Dalam Kamus Besar Bahasa Indonesia (KBBI), arti orang dalam adalah orang yang berada di dalam lingkungan
(pekerjaan, golongan, dan sebagainya). Istilah
orang dalam seringkali kita dengar
dengan konotasi negatif di dalam melamar pekerjaan. Pelamar yang mempunyai
keahlian dan kemampuan seringkali dikalahkan oleh pelamar yang memiliki orang
dalam. Jelas, praktek ini membuat banyak pelamar kerja yg tidak punya orang
dalam menjadi frustasi karena dianggap tidak adil. orang dalam yang dimaksud
adalah orang atau pihak yang ada dalam perusahaan yang dapat membantu seseorang
untuk diterima bekerja karena adanya hubungan kekerabatan, pertemanan, bisnis,
kelembagaan, dan sebagainya.
Peran orang dalam adalah melakukan pengurusan
yang berkaitan dengan posisi atau yang dimilikinya, demi kepentingan orang yang
menjadi rekannya tersebut. Dengan adanya peran orang dalam, bisa dipastikan
kompetisi mengisi lowongan di dalam pekerjaan tersebut akan dimenangkan oleh
pelamar yang memiliki koneksi orang dalam.

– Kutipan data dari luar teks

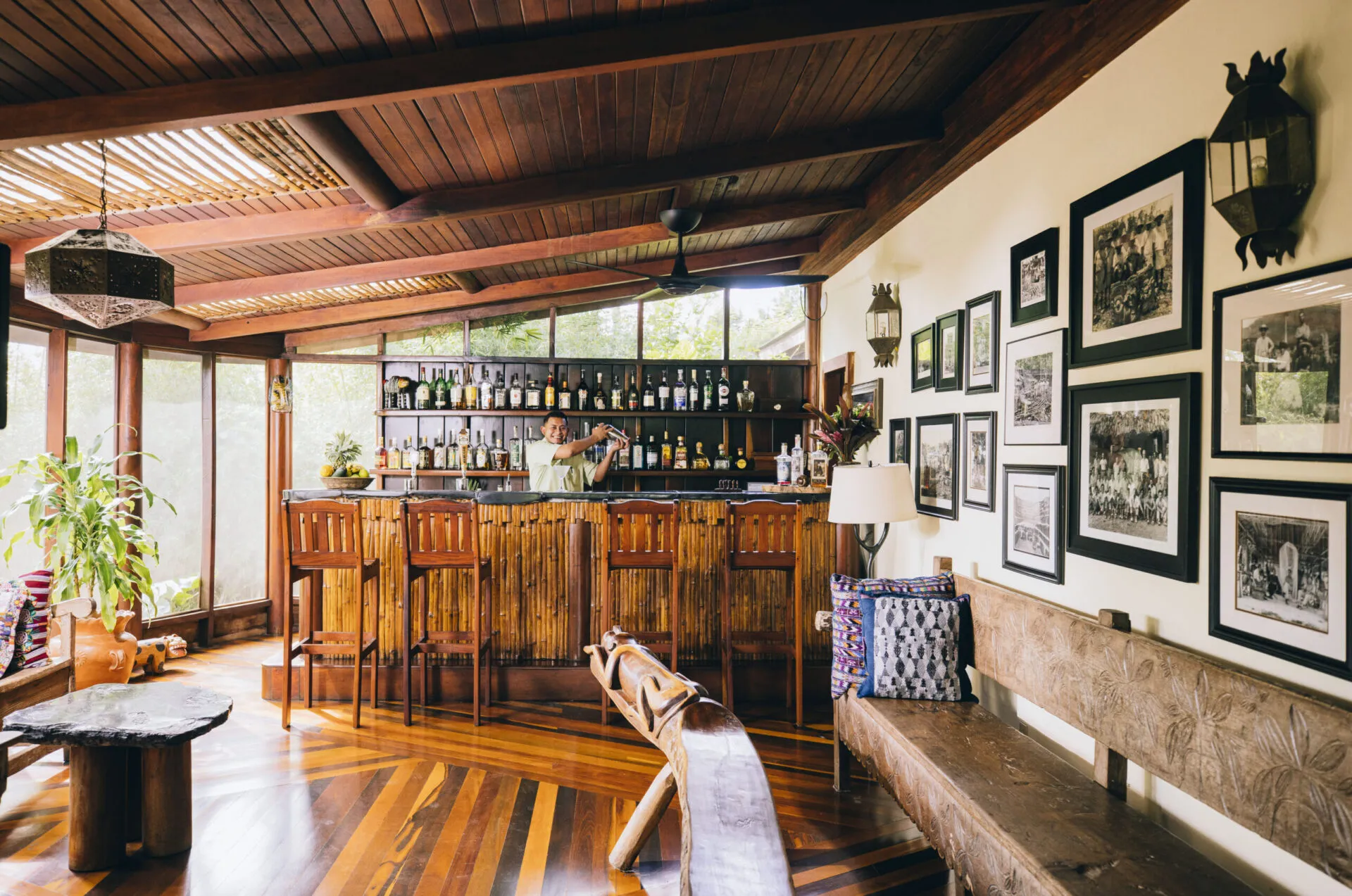 Wood-paneled lounge and bar with framed photographs, Blancaneaux Lodge, Mountain Pine Ridge, Cayo, Belize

Stigma negatif orang dalam berubah menjadi peran
penting ketika di posisi sebagai Whistle Blower dalam upaya
pembuktian suatu kasus. Seorang
whistleblower merupakan orang dalam, yaitu orang yang mengungkap dugaan
pelanggaran dan kejahatan yang terjadi di tempatnya bekerja atau ia berada.
Banyak praktek kejahatan sangat terorganisir dan sangat rapi dijalankan. Setiap
orang yang terlibat memiliki peran yang berbeda namun terorganisir.
Seorang whistleblower benar-benar mengetahui
dugaan suatu pelanggaran atau kejahatan karena berada atau bekerja dalam suatu
kelompok orang terorganisir yang diduga melakukan kejahatan, di perusahaan,
institusi publik, atau institusi pemerintah. Dengan demikian, seorang
whistleblower kadang merupakan bagian dari pelaku kejahatan atau kelompok itu
sendiri. Dia terlibat dalam skandal lalu mengungkapkan kejahatan yang terjadi.
Selain itu whistleblower juga terkadang adalah
saksi langsung namun tidak terlibat dalam kejahatan tersebut. Hal ini
disebabkan karena perbuatan kejahatan terkadang sudah menjadi hal yang biasa di
lingkungan organisasi tersebut. Malah orang yang tidak ikut dalam kegiatan
tersebut dianggap berbeda dari yang lain.
Menurut laporan Association of Certified Fraud
Examiners (ACFE) 38,9 persen kasus fraud
dideteksi melalui saluran pengaduan, 23,4 persen melalui audit internal, dan 9,6
persen melalui audit eksternal. Dari angka 38,9 persen tersebut, lebih dari 50
persen kasus dilaporkan oleh pegawai internal. Hal ini menunjukkan pentingnya
peran orang dalam melalui kanal pengaduan dalam rangka pencegahan dan
penindakan pelanggaran fraud.
Hak-hak
whistleblower yang juga seorang saksi (pelapor) telah diatur dalam Undang Undang
Nomor 13 tahun 2006 tentang Perlindungan Saksi dan Korban. Pasal 5
Undang-Undang tersebut menyatakan seorang saksi dan korban berhak untuk
Whistle Blower System pada Kementerian Keuangan
sudah diatur dalam KMK Nomor 149/KMK.09/2011 tentang Tata Cara Pengelolaan
dan Tindak Lanjut Pelaporan Pelanggaran
Whistleblowing) serta Tata Cara
Pelaporan dan Publikasi Pelaksanaan
Pengelolaan Pelaporan Pelanggaran
(Whistleblowing) di Lingkungan Kementerian Keuangan.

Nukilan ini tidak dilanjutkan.